Atlanta World Assumption; refresh on the L1 norm's other names.
15 Mar 2022I saw a paper on arXiv, Lim2022, that used the ‘Atlanta world assumption,’ and since I didn’t know what that was, I learned about it today.
From SD2004, the Atlanta world assumes “multiple pairs of orthogonal vanishing directions.” This assumption is in contrast to the Manhattan world assumption, where the “scene is built on a Cartesian grid,” CY2000. In other words, under the Manhattan world assumptions planes are axis-aligned.
The world assumptions are used in robotics.
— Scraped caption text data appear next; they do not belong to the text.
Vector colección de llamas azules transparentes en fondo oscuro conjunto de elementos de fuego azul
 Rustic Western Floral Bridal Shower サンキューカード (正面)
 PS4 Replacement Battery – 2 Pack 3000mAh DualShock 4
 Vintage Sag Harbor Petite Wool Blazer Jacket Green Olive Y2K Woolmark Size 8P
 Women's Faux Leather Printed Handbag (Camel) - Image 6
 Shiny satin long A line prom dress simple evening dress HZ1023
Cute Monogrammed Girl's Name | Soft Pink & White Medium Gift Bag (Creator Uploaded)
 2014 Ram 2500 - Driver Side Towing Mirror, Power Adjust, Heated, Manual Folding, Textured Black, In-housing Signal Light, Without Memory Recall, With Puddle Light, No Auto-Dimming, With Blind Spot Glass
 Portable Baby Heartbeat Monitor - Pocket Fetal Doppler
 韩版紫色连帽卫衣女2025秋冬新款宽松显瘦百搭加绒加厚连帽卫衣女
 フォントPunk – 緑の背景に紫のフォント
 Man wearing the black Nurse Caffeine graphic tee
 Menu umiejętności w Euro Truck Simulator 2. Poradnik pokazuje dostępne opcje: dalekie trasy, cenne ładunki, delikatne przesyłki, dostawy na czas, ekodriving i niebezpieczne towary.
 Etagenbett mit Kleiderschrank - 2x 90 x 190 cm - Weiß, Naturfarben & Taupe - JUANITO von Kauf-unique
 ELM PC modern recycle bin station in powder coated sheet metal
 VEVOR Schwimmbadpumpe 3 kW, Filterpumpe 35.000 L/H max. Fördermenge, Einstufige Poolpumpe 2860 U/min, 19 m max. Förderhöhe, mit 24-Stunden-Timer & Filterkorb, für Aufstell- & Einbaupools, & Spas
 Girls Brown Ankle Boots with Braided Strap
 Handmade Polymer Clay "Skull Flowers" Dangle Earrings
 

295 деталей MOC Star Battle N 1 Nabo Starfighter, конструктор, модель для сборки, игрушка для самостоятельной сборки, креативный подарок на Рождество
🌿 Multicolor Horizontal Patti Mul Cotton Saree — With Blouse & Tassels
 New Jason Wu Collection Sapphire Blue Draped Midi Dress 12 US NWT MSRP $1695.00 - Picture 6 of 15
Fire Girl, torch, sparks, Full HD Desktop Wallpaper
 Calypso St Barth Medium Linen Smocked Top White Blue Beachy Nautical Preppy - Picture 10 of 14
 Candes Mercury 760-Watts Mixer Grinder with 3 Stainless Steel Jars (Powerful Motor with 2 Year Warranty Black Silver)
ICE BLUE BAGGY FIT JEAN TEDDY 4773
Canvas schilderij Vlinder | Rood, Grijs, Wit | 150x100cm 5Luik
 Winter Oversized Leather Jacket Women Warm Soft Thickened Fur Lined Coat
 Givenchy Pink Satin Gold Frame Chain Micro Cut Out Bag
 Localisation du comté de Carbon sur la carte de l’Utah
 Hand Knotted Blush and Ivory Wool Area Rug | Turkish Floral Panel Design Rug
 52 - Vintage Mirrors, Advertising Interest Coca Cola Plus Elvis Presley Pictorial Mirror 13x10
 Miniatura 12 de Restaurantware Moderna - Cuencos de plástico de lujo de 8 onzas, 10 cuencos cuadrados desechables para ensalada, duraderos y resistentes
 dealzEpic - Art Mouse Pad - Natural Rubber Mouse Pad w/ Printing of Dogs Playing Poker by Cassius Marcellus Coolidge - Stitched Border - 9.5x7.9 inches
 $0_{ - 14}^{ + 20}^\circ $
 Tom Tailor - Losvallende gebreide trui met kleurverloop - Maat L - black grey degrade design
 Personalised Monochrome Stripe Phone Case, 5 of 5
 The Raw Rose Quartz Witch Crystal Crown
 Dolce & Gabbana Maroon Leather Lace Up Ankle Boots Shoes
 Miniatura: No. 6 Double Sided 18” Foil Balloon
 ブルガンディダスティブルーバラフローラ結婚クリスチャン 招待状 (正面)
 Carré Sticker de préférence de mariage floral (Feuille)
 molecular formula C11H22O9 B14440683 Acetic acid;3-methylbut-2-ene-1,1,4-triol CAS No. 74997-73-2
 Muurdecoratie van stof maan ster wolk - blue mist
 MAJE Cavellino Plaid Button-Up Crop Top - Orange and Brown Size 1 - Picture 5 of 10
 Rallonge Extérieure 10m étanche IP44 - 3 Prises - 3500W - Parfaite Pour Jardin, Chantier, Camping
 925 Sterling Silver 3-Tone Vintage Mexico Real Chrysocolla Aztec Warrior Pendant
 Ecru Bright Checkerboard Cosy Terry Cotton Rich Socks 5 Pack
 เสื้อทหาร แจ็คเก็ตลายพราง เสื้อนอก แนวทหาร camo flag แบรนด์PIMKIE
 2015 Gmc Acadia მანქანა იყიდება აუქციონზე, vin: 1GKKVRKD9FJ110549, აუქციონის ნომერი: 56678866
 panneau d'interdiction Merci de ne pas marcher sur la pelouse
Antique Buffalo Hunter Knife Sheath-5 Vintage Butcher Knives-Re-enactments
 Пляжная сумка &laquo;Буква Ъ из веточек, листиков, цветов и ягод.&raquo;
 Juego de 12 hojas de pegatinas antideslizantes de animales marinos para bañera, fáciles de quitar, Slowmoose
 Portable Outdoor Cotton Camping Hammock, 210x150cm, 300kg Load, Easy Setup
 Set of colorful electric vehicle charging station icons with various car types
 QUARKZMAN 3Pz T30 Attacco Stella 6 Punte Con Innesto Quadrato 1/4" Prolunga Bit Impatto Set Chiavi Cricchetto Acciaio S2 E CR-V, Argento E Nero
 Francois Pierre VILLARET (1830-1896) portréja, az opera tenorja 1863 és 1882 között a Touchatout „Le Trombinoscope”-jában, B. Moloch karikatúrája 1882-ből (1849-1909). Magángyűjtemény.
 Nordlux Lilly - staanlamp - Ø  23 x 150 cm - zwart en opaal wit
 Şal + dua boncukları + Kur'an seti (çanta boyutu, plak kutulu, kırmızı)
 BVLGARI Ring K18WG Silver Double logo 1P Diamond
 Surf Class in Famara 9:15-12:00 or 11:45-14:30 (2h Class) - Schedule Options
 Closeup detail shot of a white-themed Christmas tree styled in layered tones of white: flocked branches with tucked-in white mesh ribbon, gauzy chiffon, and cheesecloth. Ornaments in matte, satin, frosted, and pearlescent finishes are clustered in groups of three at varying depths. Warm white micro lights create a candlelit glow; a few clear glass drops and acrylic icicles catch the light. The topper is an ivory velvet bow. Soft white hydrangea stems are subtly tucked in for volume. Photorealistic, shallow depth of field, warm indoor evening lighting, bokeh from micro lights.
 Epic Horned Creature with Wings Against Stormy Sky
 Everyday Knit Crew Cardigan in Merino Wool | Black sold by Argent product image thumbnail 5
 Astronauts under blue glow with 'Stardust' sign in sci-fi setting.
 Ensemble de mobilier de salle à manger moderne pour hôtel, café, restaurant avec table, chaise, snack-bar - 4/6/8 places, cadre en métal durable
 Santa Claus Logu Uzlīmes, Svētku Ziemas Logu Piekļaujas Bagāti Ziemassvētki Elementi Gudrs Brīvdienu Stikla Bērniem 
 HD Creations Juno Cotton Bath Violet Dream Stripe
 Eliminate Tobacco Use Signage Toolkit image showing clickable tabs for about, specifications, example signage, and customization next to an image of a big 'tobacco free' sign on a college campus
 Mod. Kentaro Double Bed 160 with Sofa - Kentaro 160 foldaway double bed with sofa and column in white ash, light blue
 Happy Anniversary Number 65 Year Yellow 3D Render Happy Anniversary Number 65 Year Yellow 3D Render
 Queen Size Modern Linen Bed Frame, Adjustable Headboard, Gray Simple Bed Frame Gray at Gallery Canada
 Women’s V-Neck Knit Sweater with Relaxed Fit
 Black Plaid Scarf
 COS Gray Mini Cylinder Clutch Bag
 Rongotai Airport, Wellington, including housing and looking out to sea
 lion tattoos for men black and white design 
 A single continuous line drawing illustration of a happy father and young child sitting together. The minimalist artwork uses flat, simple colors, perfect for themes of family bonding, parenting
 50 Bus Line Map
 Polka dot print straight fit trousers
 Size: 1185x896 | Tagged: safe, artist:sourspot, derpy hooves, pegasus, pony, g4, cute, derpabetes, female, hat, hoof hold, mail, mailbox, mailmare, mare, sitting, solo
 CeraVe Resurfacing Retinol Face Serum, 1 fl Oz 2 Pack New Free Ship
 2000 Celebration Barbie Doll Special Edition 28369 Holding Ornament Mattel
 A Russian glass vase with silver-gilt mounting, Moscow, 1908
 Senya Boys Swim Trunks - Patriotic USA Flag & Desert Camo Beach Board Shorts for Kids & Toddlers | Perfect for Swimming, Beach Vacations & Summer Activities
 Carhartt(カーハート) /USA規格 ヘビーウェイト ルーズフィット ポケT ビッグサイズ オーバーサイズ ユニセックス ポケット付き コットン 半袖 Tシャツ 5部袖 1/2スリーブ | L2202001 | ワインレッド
Then I got thinking about Manhattan distance. The Manhattan distance, or taxicab distance, are different names for the same distance. Also the same distance is the Minkowski distance, when p = 1. The Manhattan distance is also analogous to the L1-norm. Or, one could say that the Manhattan distance is a p-norm with p = 1 TB1997, lecture 3, norms and a metric. To conclude, all of these distances / norms are equivalent:
- Manhattan distance,
- Taxicab distance,
- Minkowski distance with p = 1,
- L1 norm,
- p-norm with p = 1.
More reading
[Lim2022] H. Lim et al., “A Single Correspondence Is Enough: Robust Global Registration to Avoid Degeneracy in Urban Environments,” arXiv:2203.06612 [cs], Mar. 2022, Accessed: Mar. 15, 2022. [Online]. Available: http://arxiv.org/abs/2203.06612.
[SD2004] G. Schindler and F. Dellaert, “Atlanta world: an expectation maximization framework for simultaneous low-level edge grouping and camera calibration in complex man-made environments,” in Proceedings of the 2004 IEEE Computer Society Conference on Computer Vision and Pattern Recognition, 2004. CVPR 2004., Washington, DC, USA, 2004, vol. 1, pp. 203–209. doi: 10.1109/CVPR.2004.1315033. Available: Georgia Tech.
[Minkowski] “Minkowski distance,” Wikipedia. Jan. 14, 2022. Accessed: Mar. 15, 2022. [Online]. Available: Wikipedia.
[Taxicab] “Taxicab geometry,” Wikipedia. Jan. 21, 2022. Accessed: Mar. 15, 2022. [Online]. Available: Wikipedia.
[CY2000] J. Coughlan and A. L. Yuille, “The Manhattan World Assumption: Regularities in Scene Statistics which Enable Bayesian Inference,” in Advances in Neural Information Processing Systems, 2000, vol. 13. [Online]. Available: NeurIPS.
[TB1997] Lloyd N. Trefethen; David Bau III. 1997. Numerical Linear Algebra. ISBN 9780898713619.